Captioned web images:

※ ※ ※

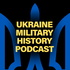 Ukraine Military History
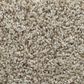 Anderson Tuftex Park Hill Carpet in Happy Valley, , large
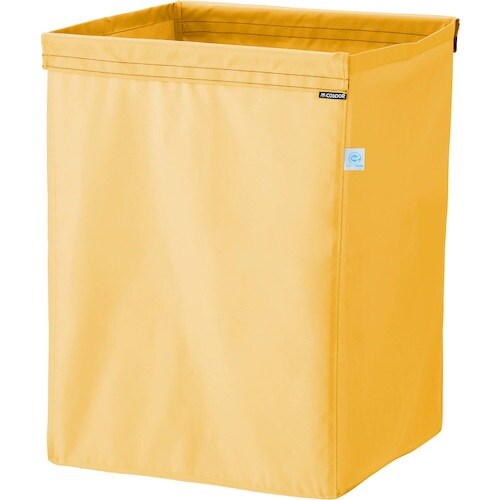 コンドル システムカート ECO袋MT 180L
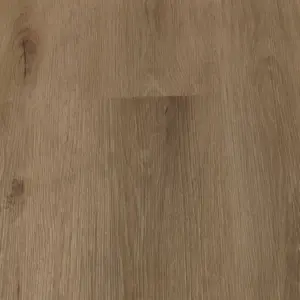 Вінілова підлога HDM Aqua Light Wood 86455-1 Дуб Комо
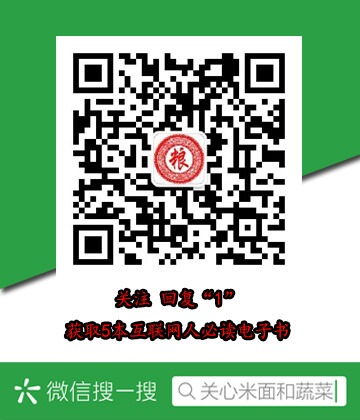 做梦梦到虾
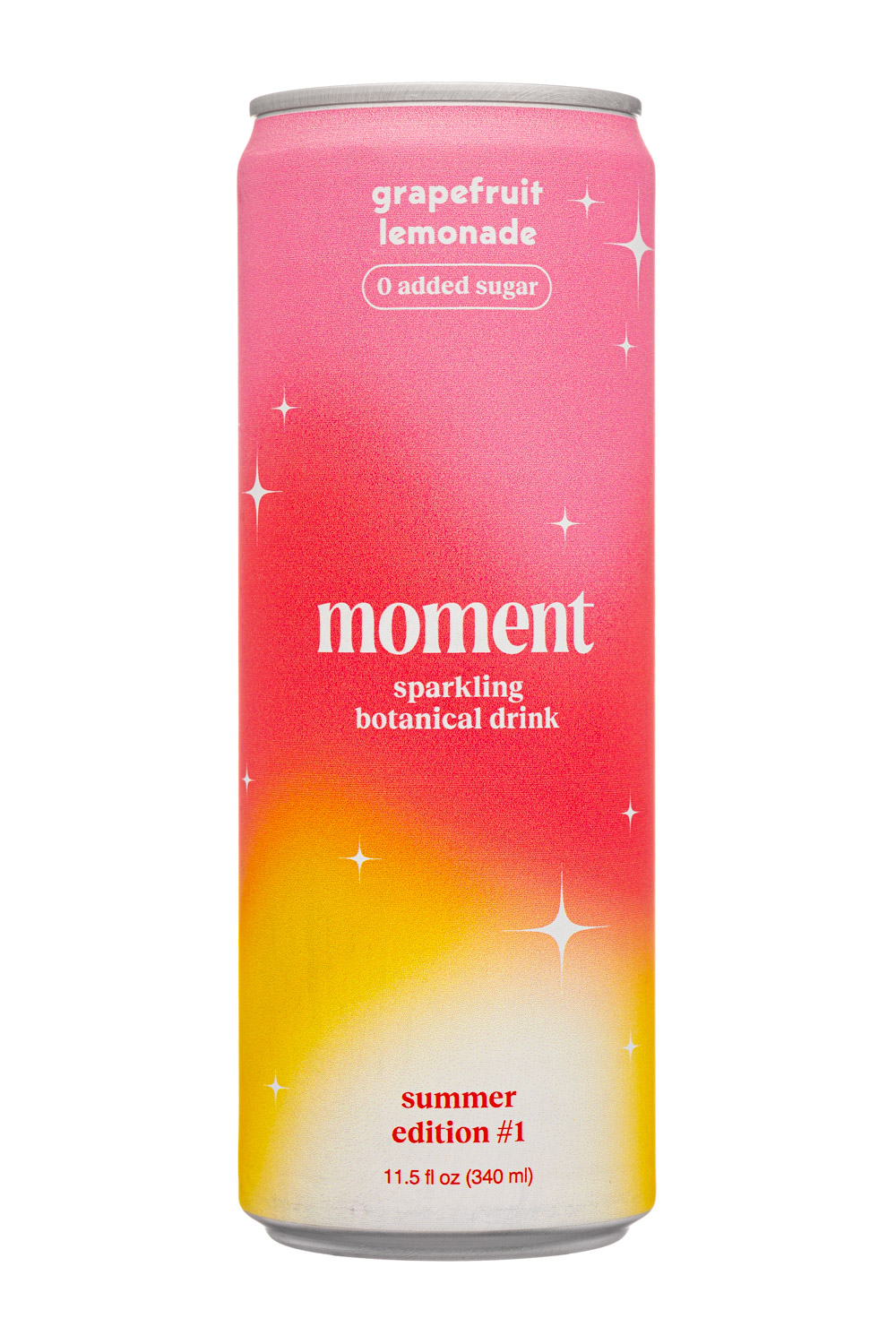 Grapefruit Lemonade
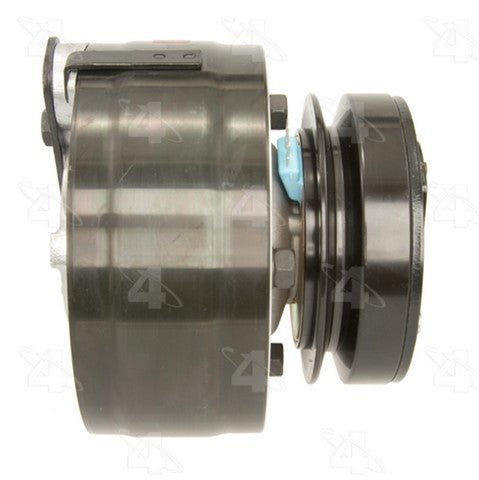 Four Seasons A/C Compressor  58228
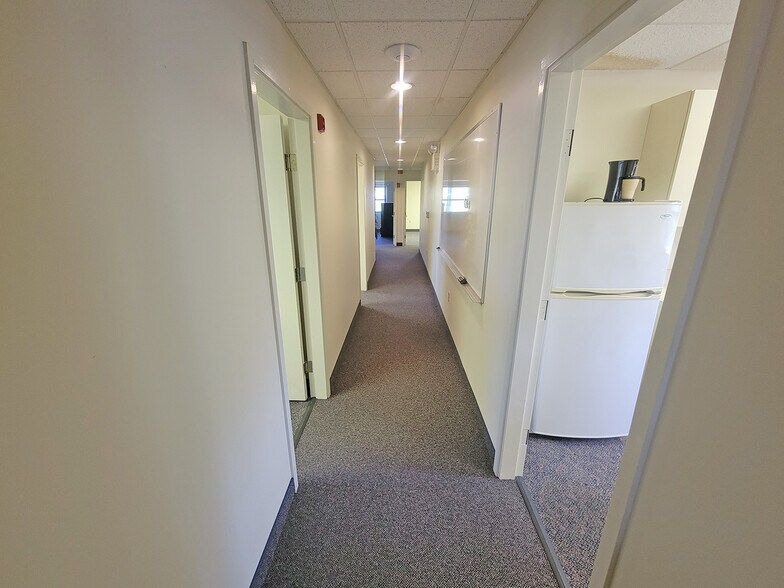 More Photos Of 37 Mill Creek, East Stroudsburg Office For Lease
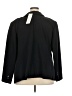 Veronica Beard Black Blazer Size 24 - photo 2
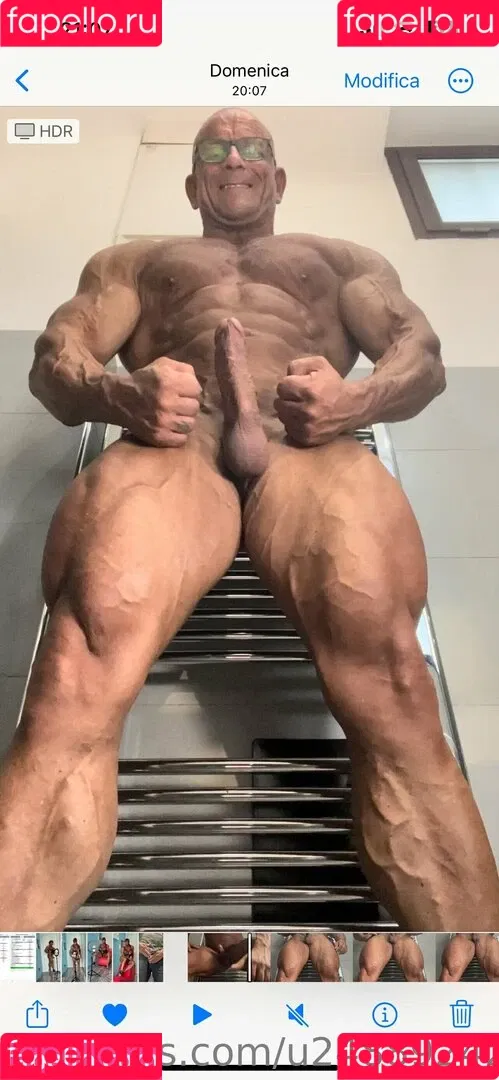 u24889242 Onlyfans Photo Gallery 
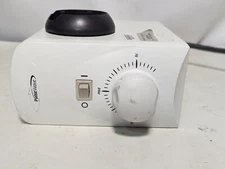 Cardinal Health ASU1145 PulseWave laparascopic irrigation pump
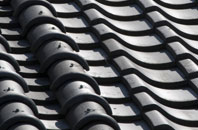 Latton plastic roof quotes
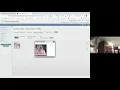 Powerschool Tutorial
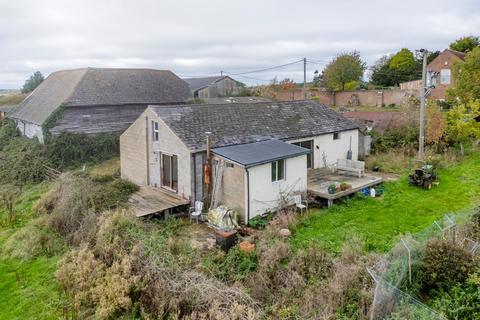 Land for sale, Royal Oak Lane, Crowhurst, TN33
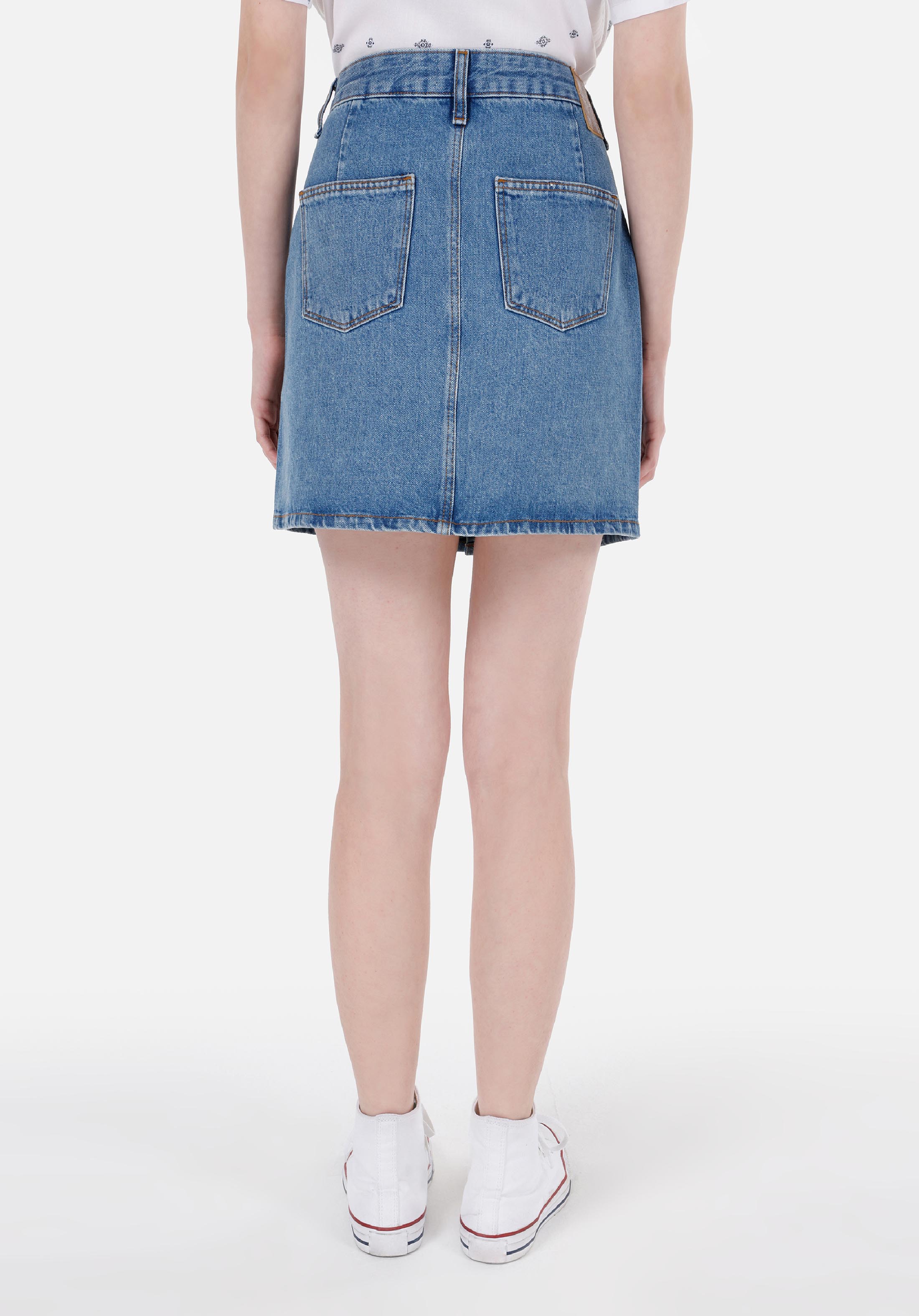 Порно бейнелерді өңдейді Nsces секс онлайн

※ ※ ※

Your answer should be the lines above, word for word, from the line with "Anderson Tuftex Park" through the line with "Latton plastic roof quotes", minus the pictures.

 Anderson Tuftex Park Hill Carpet in Happy Valley, , large
 コンドル システムカート ECO袋MT 180L
 Вінілова підлога HDM Aqua Light Wood 86455-1 Дуб Комо
 做梦梦到虾
 Grapefruit Lemonade
 Four Seasons A/C Compressor  58228
 More Photos Of 37 Mill Creek, East Stroudsburg Office For Lease
 Veronica Beard Black Blazer Size 24 - photo 2
 u24889242 Onlyfans Photo Gallery 
 Cardinal Health ASU1145 PulseWave laparascopic irrigation pump
 Latton plastic roof quotes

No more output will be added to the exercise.